- Saved entries -
□ □ □ □

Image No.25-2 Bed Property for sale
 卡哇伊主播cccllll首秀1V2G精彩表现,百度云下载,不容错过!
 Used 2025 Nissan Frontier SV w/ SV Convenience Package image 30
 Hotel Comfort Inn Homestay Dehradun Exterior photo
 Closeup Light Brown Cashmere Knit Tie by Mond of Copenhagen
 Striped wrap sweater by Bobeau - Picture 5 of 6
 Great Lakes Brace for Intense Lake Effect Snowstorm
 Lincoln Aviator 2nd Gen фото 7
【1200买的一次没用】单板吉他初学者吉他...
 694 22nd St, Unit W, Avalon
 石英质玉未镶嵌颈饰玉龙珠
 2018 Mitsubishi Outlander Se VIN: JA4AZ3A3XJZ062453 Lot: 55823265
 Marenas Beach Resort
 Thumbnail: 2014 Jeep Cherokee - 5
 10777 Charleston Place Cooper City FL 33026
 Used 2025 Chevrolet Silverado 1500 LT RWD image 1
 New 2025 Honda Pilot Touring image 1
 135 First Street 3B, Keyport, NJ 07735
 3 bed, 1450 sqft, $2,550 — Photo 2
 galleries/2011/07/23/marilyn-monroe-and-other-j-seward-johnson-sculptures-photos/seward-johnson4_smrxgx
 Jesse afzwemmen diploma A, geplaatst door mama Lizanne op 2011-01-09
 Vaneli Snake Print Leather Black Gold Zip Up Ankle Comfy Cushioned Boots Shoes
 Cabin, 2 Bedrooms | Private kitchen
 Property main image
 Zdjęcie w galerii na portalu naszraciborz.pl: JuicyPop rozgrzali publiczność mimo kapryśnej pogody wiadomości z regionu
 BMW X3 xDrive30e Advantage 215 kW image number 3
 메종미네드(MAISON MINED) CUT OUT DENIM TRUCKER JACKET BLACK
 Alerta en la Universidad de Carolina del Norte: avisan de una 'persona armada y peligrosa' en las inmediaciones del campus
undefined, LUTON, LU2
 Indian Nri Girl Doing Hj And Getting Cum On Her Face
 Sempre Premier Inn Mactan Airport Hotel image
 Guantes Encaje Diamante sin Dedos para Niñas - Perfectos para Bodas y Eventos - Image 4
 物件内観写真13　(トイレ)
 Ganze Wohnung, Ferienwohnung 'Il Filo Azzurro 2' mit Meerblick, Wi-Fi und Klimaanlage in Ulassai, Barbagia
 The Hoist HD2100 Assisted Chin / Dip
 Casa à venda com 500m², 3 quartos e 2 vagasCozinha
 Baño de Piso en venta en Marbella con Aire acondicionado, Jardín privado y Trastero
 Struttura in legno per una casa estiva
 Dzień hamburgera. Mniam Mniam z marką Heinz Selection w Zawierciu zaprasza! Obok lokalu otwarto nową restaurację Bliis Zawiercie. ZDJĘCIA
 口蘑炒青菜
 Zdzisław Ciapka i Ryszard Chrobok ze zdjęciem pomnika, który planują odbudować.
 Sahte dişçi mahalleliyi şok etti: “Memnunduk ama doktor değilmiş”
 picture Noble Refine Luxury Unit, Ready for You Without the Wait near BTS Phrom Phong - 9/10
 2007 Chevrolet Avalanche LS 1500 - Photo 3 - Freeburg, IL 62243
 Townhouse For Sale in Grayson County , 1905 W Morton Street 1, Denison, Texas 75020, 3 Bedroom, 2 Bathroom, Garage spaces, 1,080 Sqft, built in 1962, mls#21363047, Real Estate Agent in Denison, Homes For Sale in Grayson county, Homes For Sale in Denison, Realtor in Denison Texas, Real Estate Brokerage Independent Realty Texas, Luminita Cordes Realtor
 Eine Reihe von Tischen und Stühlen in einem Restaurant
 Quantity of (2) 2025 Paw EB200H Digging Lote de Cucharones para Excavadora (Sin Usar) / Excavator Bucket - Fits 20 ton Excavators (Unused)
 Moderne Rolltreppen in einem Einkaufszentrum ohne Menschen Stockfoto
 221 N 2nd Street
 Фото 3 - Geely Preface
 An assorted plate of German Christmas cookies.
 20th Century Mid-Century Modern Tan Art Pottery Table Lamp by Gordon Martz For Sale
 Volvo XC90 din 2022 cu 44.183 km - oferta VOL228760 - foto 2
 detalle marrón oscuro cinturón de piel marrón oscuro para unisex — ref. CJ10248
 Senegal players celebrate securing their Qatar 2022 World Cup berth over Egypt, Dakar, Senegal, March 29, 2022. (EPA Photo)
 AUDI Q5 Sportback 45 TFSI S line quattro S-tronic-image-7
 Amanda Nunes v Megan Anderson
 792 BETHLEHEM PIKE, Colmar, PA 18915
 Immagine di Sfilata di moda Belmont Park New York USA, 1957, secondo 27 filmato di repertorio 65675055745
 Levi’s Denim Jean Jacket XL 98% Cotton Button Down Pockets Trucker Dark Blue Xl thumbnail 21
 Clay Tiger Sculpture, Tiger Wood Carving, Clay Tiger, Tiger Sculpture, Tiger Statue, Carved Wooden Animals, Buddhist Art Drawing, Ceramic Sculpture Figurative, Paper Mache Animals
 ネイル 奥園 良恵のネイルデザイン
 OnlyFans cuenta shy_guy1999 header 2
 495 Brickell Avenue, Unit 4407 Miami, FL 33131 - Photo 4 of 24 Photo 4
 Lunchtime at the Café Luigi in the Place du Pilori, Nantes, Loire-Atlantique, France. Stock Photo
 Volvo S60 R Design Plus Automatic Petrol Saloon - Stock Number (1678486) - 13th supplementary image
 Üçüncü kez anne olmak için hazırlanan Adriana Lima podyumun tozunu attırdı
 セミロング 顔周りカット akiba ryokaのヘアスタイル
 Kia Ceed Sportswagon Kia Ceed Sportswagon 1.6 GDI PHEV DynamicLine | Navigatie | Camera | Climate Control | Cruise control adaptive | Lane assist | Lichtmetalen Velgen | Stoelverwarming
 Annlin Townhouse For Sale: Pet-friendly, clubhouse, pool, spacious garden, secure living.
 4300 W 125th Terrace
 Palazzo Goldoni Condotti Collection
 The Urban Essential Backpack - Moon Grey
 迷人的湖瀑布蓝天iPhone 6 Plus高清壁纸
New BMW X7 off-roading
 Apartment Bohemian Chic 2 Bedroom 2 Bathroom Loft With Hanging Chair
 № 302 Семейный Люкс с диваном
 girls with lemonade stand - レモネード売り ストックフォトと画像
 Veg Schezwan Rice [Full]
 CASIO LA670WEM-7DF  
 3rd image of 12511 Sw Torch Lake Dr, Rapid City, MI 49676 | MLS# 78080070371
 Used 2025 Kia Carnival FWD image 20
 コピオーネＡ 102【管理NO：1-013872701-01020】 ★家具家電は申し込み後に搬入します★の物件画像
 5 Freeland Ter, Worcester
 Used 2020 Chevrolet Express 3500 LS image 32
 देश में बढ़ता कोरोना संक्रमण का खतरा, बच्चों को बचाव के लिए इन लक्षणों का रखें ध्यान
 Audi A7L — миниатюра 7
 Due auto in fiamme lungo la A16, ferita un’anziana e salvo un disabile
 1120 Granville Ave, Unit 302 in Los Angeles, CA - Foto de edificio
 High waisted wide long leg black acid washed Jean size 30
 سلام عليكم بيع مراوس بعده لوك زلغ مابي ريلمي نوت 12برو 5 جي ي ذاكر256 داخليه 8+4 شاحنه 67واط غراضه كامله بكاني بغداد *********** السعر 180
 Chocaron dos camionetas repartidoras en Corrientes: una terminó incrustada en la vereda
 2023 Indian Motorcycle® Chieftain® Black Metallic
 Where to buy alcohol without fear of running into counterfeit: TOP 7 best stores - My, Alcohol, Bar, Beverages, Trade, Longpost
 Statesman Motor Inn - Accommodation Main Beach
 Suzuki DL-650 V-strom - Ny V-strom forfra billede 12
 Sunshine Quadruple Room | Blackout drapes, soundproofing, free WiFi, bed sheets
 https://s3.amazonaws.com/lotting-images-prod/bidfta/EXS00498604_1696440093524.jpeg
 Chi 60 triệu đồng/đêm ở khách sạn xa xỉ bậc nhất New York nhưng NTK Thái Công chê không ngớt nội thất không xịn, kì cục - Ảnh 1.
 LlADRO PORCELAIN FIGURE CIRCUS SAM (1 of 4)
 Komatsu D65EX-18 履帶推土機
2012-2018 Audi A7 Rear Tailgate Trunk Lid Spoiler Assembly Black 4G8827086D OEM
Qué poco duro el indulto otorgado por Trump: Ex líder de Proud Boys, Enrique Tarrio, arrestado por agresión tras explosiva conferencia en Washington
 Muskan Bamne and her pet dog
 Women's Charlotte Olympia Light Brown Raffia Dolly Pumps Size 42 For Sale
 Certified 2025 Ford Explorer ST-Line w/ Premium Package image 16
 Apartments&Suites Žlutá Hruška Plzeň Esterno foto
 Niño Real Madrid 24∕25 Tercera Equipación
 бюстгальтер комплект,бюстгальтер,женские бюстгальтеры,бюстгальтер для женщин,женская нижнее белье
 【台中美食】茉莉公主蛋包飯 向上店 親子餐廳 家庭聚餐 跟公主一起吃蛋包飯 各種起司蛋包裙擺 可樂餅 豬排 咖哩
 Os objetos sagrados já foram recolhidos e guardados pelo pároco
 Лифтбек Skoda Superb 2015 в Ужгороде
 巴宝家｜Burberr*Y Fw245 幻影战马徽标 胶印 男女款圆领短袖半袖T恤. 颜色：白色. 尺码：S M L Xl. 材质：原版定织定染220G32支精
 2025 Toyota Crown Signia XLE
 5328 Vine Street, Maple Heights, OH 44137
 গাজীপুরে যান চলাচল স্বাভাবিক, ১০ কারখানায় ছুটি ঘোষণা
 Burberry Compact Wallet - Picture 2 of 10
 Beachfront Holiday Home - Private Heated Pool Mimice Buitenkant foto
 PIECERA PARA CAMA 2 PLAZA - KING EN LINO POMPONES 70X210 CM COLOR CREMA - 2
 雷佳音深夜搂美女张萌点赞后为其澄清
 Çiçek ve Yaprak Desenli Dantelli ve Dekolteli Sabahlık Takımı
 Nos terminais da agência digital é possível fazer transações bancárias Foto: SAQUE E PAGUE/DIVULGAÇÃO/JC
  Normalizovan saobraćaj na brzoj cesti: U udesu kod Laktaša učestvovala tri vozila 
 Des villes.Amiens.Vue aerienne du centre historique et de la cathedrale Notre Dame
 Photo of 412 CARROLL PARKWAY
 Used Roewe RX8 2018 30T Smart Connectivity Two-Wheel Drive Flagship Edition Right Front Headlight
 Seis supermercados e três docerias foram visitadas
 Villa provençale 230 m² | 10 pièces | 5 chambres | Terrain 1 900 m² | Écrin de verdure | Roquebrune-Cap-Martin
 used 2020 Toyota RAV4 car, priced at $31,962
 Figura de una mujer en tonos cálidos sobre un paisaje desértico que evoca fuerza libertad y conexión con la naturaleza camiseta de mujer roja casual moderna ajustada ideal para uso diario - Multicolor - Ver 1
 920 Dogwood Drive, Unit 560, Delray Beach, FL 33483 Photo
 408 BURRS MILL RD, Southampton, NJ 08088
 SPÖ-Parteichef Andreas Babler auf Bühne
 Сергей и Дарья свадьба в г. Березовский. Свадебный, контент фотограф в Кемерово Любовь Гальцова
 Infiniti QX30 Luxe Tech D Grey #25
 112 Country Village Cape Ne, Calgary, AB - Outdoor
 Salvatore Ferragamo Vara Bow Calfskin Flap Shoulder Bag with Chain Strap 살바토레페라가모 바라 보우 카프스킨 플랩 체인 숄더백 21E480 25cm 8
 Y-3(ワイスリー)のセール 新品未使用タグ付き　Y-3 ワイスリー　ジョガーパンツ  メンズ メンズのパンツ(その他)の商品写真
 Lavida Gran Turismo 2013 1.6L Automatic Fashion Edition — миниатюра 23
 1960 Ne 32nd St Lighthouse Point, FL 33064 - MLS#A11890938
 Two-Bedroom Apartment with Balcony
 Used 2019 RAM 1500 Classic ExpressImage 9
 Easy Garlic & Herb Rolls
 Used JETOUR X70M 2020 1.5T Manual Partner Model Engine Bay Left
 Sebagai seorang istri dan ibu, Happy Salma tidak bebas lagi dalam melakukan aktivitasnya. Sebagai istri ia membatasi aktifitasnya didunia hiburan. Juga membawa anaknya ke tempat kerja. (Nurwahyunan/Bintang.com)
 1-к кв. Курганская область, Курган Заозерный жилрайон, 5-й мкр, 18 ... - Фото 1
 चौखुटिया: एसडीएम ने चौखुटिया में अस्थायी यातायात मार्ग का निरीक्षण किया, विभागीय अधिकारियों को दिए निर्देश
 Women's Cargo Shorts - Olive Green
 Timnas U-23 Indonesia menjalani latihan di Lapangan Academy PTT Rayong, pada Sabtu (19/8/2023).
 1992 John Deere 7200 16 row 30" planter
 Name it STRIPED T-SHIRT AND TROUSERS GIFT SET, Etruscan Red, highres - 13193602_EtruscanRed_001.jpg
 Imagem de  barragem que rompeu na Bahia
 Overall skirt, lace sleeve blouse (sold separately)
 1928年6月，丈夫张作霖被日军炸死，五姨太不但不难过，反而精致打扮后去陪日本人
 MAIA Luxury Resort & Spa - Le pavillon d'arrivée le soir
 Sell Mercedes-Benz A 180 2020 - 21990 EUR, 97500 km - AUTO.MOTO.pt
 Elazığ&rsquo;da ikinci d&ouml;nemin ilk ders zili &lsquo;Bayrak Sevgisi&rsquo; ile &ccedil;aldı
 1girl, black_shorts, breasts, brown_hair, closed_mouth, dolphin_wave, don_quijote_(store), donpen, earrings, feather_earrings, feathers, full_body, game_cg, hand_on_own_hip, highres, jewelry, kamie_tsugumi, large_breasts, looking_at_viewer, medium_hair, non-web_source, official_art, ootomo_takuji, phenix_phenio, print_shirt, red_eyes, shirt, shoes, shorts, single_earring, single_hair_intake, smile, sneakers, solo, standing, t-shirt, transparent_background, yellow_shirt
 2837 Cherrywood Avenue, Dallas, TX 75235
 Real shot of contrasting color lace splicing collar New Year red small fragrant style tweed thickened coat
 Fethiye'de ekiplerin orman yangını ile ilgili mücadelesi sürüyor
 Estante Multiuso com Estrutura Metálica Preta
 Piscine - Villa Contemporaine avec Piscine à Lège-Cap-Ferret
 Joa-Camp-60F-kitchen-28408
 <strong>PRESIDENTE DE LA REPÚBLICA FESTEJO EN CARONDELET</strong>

□ □ □ □

- WORK REQUEST -
In the entries above, the lines between the one holding "2012-2018 Audi A7" and the one holding "Beachfront Holiday Home", inclusive, are to be printed exactly as written, and those alone.

- RESULT OF THE TASK -
2012-2018 Audi A7 Rear Tailgate Trunk Lid Spoiler Assembly Black 4G8827086D OEM
Qué poco duro el indulto otorgado por Trump: Ex líder de Proud Boys, Enrique Tarrio, arrestado por agresión tras explosiva conferencia en Washington
 Muskan Bamne and her pet dog
 Women's Charlotte Olympia Light Brown Raffia Dolly Pumps Size 42 For Sale
 Certified 2025 Ford Explorer ST-Line w/ Premium Package image 16
 Apartments&Suites Žlutá Hruška Plzeň Esterno foto
 Niño Real Madrid 24∕25 Tercera Equipación
 бюстгальтер комплект,бюстгальтер,женские бюстгальтеры,бюстгальтер для женщин,женская нижнее белье
 【台中美食】茉莉公主蛋包飯 向上店 親子餐廳 家庭聚餐 跟公主一起吃蛋包飯 各種起司蛋包裙擺 可樂餅 豬排 咖哩
 Os objetos sagrados já foram recolhidos e guardados pelo pároco
 Лифтбек Skoda Superb 2015 в Ужгороде
 巴宝家｜Burberr*Y Fw245 幻影战马徽标 胶印 男女款圆领短袖半袖T恤. 颜色：白色. 尺码：S M L Xl. 材质：原版定织定染220G32支精
 2025 Toyota Crown Signia XLE
 5328 Vine Street, Maple Heights, OH 44137
 গাজীপুরে যান চলাচল স্বাভাবিক, ১০ কারখানায় ছুটি ঘোষণা
 Burberry Compact Wallet - Picture 2 of 10
 Beachfront Holiday Home - Private Heated Pool Mimice Buitenkant foto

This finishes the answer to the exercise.